[Trigger warning: mentions of sexual violence]
“A woman is only respected when she sings well and in tune,” a female musician says at one point in Marilina Giménez’s documentary A Girl’s Band. The film chronicles the lives of the women in Buenos Aires who choose to be disrespectable, who make rock and Reggaeton music in the heavily male-dominated music industry. Filmmaker Giménez has very personal ties with the world she is chronicling; previously being a part of the musical trio Yilet some years ago, she spends the duration of the film following her former bandmates and old friends as they navigate the underground music scene, travelling between bars and clubs and festivals as both musicians and activists.
Being a female musician in Argentina is inherently political, regardless of one’s level of fame or notoriety. Whether Giménez is interviewing pop stars or underground bands, all women detail their struggle to be recognized and respected within the sexist music industry. ‘Ni Una Menos’ is the phrase that gets repeated over and over: ‘not one more,’ the motto of an Argentinian grassroots feminist movement against sexual violence and misogyny. All art is political, and in A Girl’s Band this is truer than ever: girl bands play at feminist rallies, demonstrate for legal and safe abortions, and use their catchy Reggaeton songs to critique rape culture.

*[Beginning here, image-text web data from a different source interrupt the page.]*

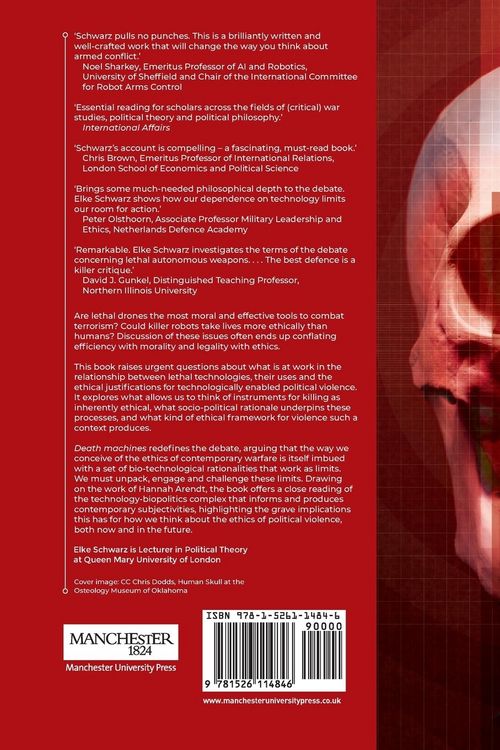 Produktbild: Death machines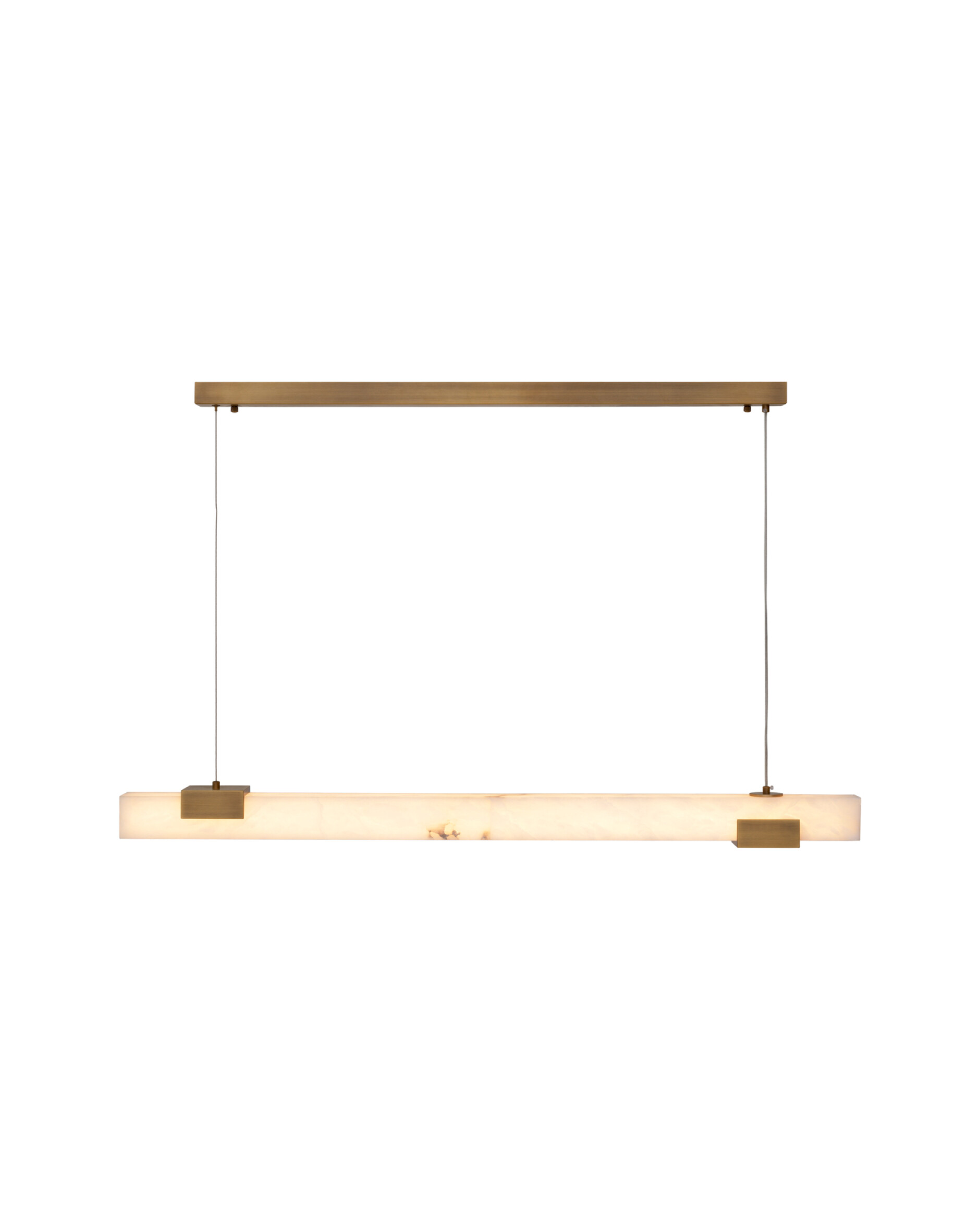 Furore taklampa antik mässing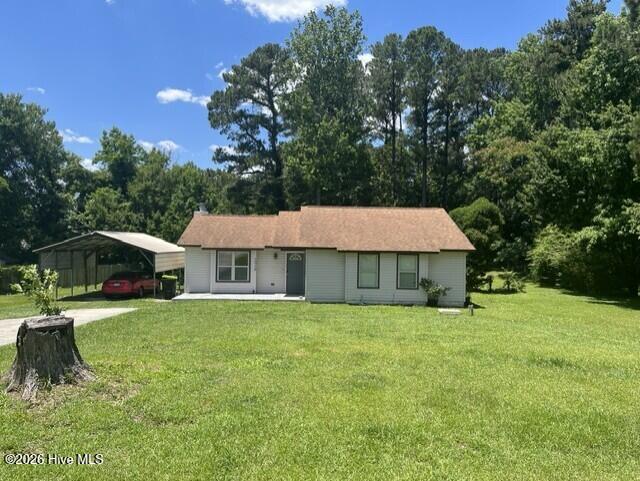 1312 Wolf Swamp Road Property Photo 1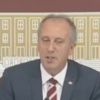 Muharrem İnce: Grup başkanvekilliğini bırakacağım İZLE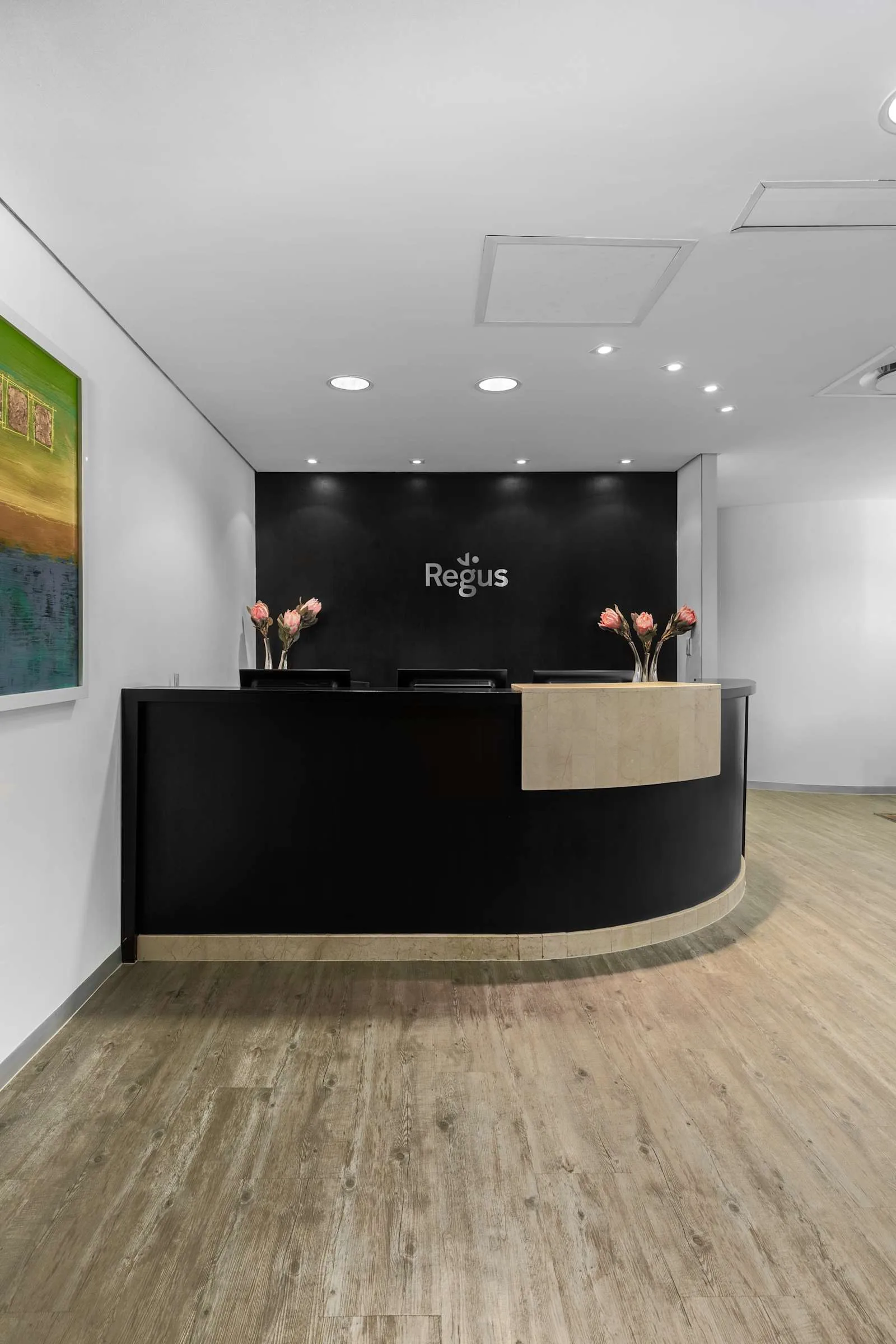 Regus CAPE TOWN, Century City, Reception, Cape Town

A Girl’s Band is at its best and boldest when it shows the bands perform in their entirety, their eclectic and incredibly rhythmic songs coupled with neon strobe lights and backup dancers. A highlight is watching lesbian rapper Chocolate Remix perform her song ‘Ni Una Menos’ at a festival, which rallies against sexual violence and sexism.
Yet, despite the wealth and diversity of its subject matter, A Girl’s Band lacks the focus and cohesion to do it justice. The documentary dives into themes of misogyny and homophobia and the state of the music industry in Buenos Aires, yet doesn’t engage with any of them fully. It meanders between bands and topics, following narrative strands here and there, only to abandon them and later randomly pick them up again. Furthermore, Giménez can’t seem to decide whether she wants the documentary to be about the specific issues that girls bands in Argentina face, or be more of a look into their everyday life. This is disappointing, as the brief glimpses Giménez gives into the life on tour of her former band YiLet are interesting, but highly elusive.
By the end of A Girl’s Band, you have the impression that the subculture it explores is deeply fascinating, but that you haven’t learned much about it at all. Whilst the footage of the titular all-female fronted bands performing their songs is exhilarating and impressive, the documentary jumps too quickly between interviews, musicians and thematic threads to form a comprehensive picture of the life of its subjects.